Vernon and his full Bon Iver crew will cross the ocean in November to play some postponed European dates, but unlike those shows he is keeping the Water Is Life gig simple.

Wednesday's performance will feature a pared-down, three-man version of the group last seen in Minnesota at Xcel Energy Center in 2019. He and his bandmates — fellow Eau Claire multi-instrumentalist Sean Carey and Twin Cities bassist/saxophonist Michael Lewis — will arrive in one car, he noted.

"No crew. No sound," Vernon emphasized, playfully describing this version of the group as "renegade, howl-at-the-moon, urgent musical energy."

Vernon's renegades will top off a 10-hour, 14-act lineup Wednesday that includes acclaimed Southeastern R&B singers Mumu Fresh and Adia Victoria; Minnesota/Iowa staples Hippo Campus, Lissie, Charlie Parr, David Huckfelt, Alan Sparhawk (of Low), Larry Long and Superior Siren; and a multitribal contingent of Native singer/songwriters from around the country, including Keith Secola, Annie Humphrey, Quiltman and Corey Medina.

The musicians are all rallying around LaDuke and her team of Indigenous activists at Honor the Earth, who upped their protests of Line 3 in northern Minnesota this summer and faced arrests from Hubbard County sheriffs deputies (for reasons later decried by a federal judge).

Construction on Line 3 — a replacement line carrying tar-sand oil cross-continent — began in Minnesota early this year after already being completed in Canada and Wisconsin. Opponents of the line say it threatens waterways including the Mississippi River with possible pollution and breaks tribal treaties. Proponents say it creates more localized energy resources and some much-needed jobs.

Vernon said he has been a fan of LaDuke and Honor the Earth since learning of them via the Indigo Girls in his midteens in the mid-'90s, when the folk duo helmed an all-star benefit CD and several concerts for the cause.

"They did a benefit for Honor the Earth with Bonnie Raitt and Winona and bunch of Native folks from the Upper Midwestern communities," he recalled. "It was my first feeling of understanding what true activism looked like.
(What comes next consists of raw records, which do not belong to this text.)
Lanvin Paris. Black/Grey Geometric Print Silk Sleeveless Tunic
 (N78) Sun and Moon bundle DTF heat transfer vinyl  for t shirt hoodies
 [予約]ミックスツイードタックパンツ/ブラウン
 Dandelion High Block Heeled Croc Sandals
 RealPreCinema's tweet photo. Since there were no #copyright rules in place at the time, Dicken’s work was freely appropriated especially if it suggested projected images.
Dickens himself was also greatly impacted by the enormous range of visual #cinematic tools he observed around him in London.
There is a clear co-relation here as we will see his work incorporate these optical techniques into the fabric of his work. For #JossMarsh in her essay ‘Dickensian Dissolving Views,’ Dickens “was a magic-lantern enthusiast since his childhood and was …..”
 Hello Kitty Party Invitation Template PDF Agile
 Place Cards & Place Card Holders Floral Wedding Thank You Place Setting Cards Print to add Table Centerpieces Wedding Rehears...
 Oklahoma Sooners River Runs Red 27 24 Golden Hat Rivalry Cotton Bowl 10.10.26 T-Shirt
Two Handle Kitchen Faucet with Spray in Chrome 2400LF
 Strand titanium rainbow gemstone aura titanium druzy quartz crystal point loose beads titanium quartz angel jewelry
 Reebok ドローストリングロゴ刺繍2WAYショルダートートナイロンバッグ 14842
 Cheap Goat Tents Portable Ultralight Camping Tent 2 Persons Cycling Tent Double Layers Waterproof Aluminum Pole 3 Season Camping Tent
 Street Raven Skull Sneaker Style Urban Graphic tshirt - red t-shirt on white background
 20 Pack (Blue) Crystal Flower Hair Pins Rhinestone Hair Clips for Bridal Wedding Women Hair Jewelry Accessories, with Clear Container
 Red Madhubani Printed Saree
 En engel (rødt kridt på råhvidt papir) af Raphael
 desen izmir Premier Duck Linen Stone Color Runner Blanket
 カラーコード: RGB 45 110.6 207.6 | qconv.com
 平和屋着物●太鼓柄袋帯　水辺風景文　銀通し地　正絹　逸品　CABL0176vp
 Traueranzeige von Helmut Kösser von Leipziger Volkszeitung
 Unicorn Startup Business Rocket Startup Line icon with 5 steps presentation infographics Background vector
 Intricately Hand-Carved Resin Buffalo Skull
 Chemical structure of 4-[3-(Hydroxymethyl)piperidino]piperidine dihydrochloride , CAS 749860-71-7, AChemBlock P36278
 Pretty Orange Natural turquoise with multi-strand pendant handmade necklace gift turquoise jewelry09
I am no expert, but I'll never forget what it taught me."

Vernon will join LaDuke, fellow musician Huckfelt and other Water Is Life organizers for a Facebook Live discussion about the event and their efforts on Monday at 6 p.m. (Central Time).

While he's likely to be labeled another overreaching, elite liberal musician by supporters of Line 3 for headlining Wednesday's concert, Vernon actually hails from a rural part of the Midwest (Fall Creek, Wis., near where he grew up in Eau Claire) with blue-collar roots and a well-documented affinity for deer hunting.

He's not too far removed from residents of northern Minnesota who want the economic benefits of the pipeline, in other words.

"What makes me sad is that the story isn't how there aren't more jobs up there other than ones that aren't directly lining the pocketbooks of Canadian and American oil moguls," he said. "All the while [they're] fleecing the very thing that makes northern Minnesota and northern Wisconsin so special: its pristine nature."

Wading into an issue as contentious as Line 3 is a rather loud way for Vernon to come out of what was mostly a quiet — albeit hardly low-profile — 18-month quarantine period.

During the 2020-21 lockdown, he prominently guested on Taylor Swift's Grammy-sweeping "Folklore" album and its follow-up, "Evermore." He also worked with Swift producer Aaron Dessner from Ohio indie-rock band the National on their second album together as Big Red Machine, titled "How Long Do You Think It's Gonna Last?" It's due out next week with Swift singing on the single "Renegade."

Bon Iver, however, mostly stayed dormant through quarantine. The group that famously started with a batch of solo recordings made in a Wisconsin cabin in 2007 — and went on to win the best new artist Grammy in 2012 — will mark the 10th anniversary of its self-titled sophomore album with a special-edition release this fall, plus two related performances Oct. 22 and 23 in Los Angeles.

Asked about any plans for an all-new Bon Iver album, Vernon firmly responded, "Absolutely none!"

Wednesday's show thus might be the first and last we hear from Bon Iver for quite a while. Here's more of what Vernon had to say last week.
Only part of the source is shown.